Meg Murry’s story begins one dark and stormy night with a knock at the door. Meg’s father has been gone for some time and nobody knows where he has gone. It’s up to Meg, her brother Charles Wallace and their friend Calvin O’Keefe to find Mr. Murry and bring him home. With a little help from three witches, we learn about the fifth dimension and a concept called tesseract (which is like a wrinkle in time).


Madeline L’Engle’s A Wrinkle in Time falls into the category of book I wish I had read as a kid but didn’t. I really could’ve benefitted from characters like Meg or Charles Wallace. People outside the Murry family believe that neither Meg nor Charles Wallace are very smart. While this doesn’t bother Charles Wallace much, Meg often believes this of herself. The reality is that both Meg and her youngest brother are quite smart; it’s just that people outside the immediate family don’t recognize their talents.

Meg is at the age in which she thinks that her father can solve all of her problems. She gets picked on in school, the principle hates her, the small town gossips about he family behind their back. Meg assumes that her father is some sort of super hero: all he has to do is reappear and everything will be resolved. Of course, this isn’t the case. When Meg, Charles Wallace and Calvin finally find Mr. Murry, Meg quickly learns her father is as human as she is. Meg finds herself incredibly disappointed that her father can’t actually fix everything.

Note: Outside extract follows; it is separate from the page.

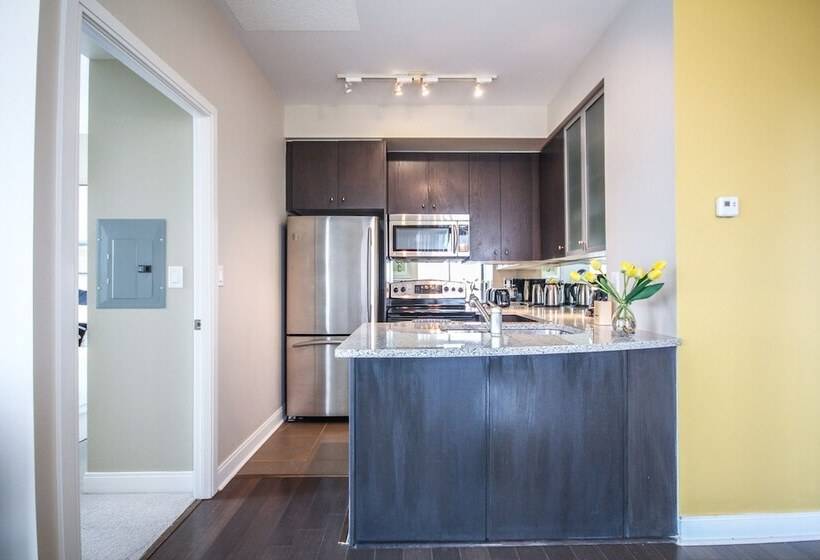 هتل Sarkar Suites Yorkville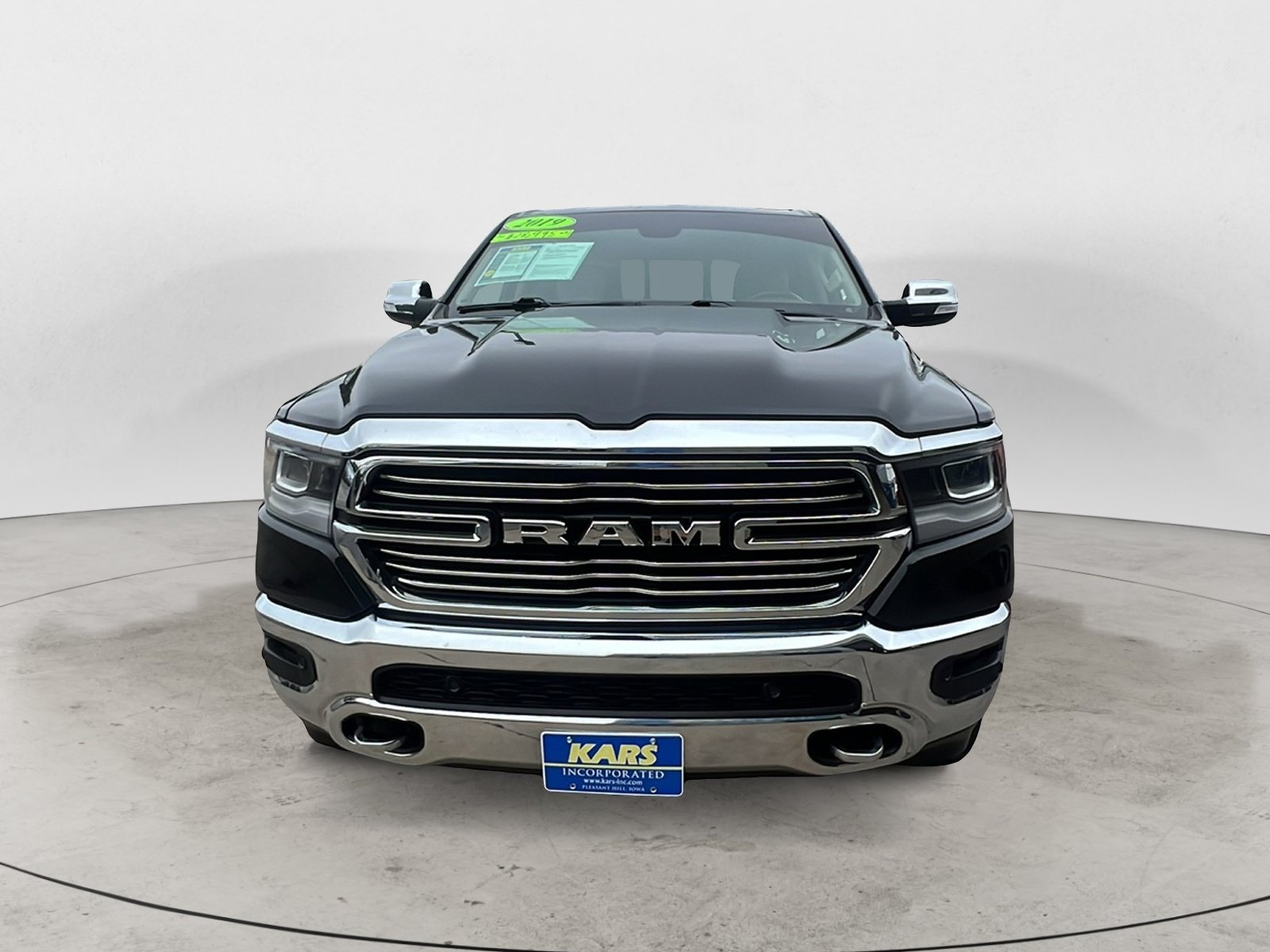Used 2019 RAM 1500 Laramie AWD/4WD image 2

What I like about A Wrinkle in Time is that L’Engle has written characters that have both strengths and weaknesses. Much like people in the real world, the characters that inhabit L’Engle novel are good at some things but not others, their lives aren’t perfect and they have things they’re afraid of. They need to work together, to learn from each other in order to solve problems. Each character has something valuable to bring to the table along with their faults.